• What to work on
Copy the records below exactly as they are written.

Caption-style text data

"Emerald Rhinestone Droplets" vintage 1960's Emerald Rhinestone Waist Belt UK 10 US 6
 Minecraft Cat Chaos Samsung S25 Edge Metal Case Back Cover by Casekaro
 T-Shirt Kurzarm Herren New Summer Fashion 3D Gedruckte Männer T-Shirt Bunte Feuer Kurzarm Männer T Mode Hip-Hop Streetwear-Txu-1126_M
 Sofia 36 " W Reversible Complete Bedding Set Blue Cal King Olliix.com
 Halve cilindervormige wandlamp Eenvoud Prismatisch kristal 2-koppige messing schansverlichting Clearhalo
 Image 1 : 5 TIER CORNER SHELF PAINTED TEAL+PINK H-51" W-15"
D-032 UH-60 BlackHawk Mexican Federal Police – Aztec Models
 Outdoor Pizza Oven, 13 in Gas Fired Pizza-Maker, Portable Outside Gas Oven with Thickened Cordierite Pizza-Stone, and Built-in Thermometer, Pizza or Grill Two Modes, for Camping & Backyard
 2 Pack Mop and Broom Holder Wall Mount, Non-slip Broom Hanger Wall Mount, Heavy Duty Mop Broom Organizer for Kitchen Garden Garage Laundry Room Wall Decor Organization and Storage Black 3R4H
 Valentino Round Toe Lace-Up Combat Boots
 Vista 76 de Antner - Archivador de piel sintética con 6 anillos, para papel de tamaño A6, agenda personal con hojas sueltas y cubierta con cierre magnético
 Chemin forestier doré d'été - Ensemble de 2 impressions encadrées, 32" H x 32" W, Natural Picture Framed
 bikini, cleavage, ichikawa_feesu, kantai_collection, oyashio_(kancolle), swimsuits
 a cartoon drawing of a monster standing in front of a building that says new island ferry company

• Reply to the exercise
"Emerald Rhinestone Droplets" vintage 1960's Emerald Rhinestone Waist Belt UK 10 US 6
 Minecraft Cat Chaos Samsung S25 Edge Metal Case Back Cover by Casekaro
 T-Shirt Kurzarm Herren New Summer Fashion 3D Gedruckte Männer T-Shirt Bunte Feuer Kurzarm Männer T Mode Hip-Hop Streetwear-Txu-1126_M
 Sofia 36 " W Reversible Complete Bedding Set Blue Cal King Olliix.com
 Halve cilindervormige wandlamp Eenvoud Prismatisch kristal 2-koppige messing schansverlichting Clearhalo
 Image 1 : 5 TIER CORNER SHELF PAINTED TEAL+PINK H-51" W-15"
D-032 UH-60 BlackHawk Mexican Federal Police – Aztec Models
 Outdoor Pizza Oven, 13 in Gas Fired Pizza-Maker, Portable Outside Gas Oven with Thickened Cordierite Pizza-Stone, and Built-in Thermometer, Pizza or Grill Two Modes, for Camping & Backyard
 2 Pack Mop and Broom Holder Wall Mount, Non-slip Broom Hanger Wall Mount, Heavy Duty Mop Broom Organizer for Kitchen Garden Garage Laundry Room Wall Decor Organization and Storage Black 3R4H
 Valentino Round Toe Lace-Up Combat Boots
 Vista 76 de Antner - Archivador de piel sintética con 6 anillos, para papel de tamaño A6, agenda personal con hojas sueltas y cubierta con cierre magnético
 Chemin forestier doré d'été - Ensemble de 2 impressions encadrées, 32" H x 32" W, Natural Picture Framed
 bikini, cleavage, ichikawa_feesu, kantai_collection, oyashio_(kancolle), swimsuits
 a cartoon drawing of a monster standing in front of a building that says new island ferry company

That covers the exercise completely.